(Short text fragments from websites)
***

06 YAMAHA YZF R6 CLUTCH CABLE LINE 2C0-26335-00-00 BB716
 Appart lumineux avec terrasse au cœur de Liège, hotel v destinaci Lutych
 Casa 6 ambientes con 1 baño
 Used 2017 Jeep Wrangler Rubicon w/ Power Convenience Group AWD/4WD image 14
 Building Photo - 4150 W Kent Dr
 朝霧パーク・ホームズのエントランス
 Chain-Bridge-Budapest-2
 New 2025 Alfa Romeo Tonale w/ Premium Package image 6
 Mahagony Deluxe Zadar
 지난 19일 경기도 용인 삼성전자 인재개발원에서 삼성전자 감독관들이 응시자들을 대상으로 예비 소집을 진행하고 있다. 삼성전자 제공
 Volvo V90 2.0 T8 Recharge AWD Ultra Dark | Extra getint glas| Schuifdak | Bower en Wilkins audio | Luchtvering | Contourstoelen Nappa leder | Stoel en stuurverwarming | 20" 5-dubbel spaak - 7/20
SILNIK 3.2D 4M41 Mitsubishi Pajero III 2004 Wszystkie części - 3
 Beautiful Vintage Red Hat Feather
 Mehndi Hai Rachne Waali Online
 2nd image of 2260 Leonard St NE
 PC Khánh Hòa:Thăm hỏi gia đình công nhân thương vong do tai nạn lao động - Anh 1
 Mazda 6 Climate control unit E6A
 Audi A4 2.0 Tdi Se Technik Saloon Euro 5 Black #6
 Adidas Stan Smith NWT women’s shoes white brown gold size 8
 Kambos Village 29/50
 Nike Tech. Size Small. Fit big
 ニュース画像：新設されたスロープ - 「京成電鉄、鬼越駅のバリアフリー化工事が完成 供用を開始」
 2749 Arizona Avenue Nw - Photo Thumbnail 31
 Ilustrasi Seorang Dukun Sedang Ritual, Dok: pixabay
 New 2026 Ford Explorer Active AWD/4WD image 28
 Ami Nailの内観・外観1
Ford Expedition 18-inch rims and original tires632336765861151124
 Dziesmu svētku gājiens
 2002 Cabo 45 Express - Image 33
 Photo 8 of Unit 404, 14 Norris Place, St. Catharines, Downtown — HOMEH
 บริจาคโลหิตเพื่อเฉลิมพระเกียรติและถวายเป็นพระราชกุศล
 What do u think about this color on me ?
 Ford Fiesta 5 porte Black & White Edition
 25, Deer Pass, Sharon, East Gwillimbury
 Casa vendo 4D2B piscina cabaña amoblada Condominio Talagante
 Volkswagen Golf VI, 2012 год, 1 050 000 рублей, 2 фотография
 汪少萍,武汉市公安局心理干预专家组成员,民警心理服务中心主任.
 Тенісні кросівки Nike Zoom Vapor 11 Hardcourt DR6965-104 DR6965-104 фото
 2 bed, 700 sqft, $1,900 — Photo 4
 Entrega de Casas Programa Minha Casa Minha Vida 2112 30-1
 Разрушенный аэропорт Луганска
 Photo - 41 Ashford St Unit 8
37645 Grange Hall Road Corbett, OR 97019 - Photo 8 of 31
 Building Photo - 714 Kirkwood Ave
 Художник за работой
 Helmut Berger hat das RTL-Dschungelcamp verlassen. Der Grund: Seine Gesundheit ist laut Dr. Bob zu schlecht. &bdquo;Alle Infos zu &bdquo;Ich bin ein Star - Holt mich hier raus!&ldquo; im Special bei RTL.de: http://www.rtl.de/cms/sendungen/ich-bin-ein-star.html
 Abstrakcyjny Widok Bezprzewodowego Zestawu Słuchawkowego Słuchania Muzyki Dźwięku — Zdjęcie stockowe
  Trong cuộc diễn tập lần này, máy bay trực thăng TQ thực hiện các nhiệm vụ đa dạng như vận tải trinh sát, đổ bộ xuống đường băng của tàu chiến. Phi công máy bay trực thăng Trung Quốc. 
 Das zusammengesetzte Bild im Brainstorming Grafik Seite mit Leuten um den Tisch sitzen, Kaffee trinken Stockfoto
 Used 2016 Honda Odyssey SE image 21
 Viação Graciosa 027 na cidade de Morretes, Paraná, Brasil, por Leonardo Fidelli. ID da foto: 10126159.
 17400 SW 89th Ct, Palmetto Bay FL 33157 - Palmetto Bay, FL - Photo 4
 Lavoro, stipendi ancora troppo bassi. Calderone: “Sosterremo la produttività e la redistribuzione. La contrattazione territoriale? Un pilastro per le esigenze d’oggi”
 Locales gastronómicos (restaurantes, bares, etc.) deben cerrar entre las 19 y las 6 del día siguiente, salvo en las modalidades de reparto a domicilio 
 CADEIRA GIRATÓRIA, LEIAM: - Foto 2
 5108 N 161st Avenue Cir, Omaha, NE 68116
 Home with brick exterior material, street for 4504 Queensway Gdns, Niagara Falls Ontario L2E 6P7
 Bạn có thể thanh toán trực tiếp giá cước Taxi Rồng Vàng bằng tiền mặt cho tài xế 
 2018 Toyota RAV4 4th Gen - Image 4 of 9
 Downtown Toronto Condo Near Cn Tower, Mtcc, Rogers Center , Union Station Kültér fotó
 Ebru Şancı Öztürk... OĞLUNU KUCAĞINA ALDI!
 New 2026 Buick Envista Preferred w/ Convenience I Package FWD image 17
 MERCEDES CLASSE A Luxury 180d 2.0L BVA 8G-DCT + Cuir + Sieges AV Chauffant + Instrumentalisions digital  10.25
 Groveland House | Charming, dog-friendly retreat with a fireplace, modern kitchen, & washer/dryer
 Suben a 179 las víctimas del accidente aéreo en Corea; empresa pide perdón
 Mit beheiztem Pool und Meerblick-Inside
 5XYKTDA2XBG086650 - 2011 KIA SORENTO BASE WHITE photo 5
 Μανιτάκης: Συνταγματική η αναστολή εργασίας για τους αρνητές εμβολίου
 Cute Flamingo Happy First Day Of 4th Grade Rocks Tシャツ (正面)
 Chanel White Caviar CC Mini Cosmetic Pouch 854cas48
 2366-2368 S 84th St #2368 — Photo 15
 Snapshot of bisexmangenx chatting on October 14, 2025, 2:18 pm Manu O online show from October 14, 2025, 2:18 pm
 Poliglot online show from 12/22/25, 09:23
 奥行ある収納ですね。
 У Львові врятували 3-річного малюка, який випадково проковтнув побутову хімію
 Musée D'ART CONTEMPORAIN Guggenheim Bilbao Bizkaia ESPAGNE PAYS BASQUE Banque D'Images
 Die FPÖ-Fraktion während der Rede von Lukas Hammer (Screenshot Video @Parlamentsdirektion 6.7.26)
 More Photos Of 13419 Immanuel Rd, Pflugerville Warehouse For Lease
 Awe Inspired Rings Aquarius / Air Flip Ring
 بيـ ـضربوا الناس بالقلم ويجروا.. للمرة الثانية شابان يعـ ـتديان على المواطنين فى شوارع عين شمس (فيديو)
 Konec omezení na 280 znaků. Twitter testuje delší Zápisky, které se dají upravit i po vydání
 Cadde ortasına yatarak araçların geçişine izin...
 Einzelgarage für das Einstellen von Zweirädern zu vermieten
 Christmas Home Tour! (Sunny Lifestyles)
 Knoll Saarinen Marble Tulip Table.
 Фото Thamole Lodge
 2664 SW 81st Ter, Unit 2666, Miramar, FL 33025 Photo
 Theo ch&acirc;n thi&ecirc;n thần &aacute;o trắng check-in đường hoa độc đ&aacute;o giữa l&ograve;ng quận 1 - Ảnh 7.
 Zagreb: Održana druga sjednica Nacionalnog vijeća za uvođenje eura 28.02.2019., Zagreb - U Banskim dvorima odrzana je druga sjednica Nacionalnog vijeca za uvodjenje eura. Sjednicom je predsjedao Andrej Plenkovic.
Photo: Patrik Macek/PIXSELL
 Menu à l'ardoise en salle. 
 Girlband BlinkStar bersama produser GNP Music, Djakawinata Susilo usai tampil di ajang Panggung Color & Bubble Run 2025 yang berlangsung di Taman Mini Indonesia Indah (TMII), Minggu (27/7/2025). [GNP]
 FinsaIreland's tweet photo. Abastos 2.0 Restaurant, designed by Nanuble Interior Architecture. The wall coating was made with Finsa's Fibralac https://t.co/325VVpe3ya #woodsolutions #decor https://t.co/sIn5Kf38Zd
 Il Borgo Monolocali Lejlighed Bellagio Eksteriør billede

***

- _Work item_
Every line above from the line with "Audi A4 2.0" to the line with "Dziesmu svētku gājiens", inclusive, must be returned exactly; no other line belongs in the reply.

- _Response to this exercise_
 Audi A4 2.0 Tdi Se Technik Saloon Euro 5 Black #6
 Adidas Stan Smith NWT women’s shoes white brown gold size 8
 Kambos Village 29/50
 Nike Tech. Size Small. Fit big
 ニュース画像：新設されたスロープ - 「京成電鉄、鬼越駅のバリアフリー化工事が完成 供用を開始」
 2749 Arizona Avenue Nw - Photo Thumbnail 31
 Ilustrasi Seorang Dukun Sedang Ritual, Dok: pixabay
 New 2026 Ford Explorer Active AWD/4WD image 28
 Ami Nailの内観・外観1
Ford Expedition 18-inch rims and original tires632336765861151124
 Dziesmu svētku gājiens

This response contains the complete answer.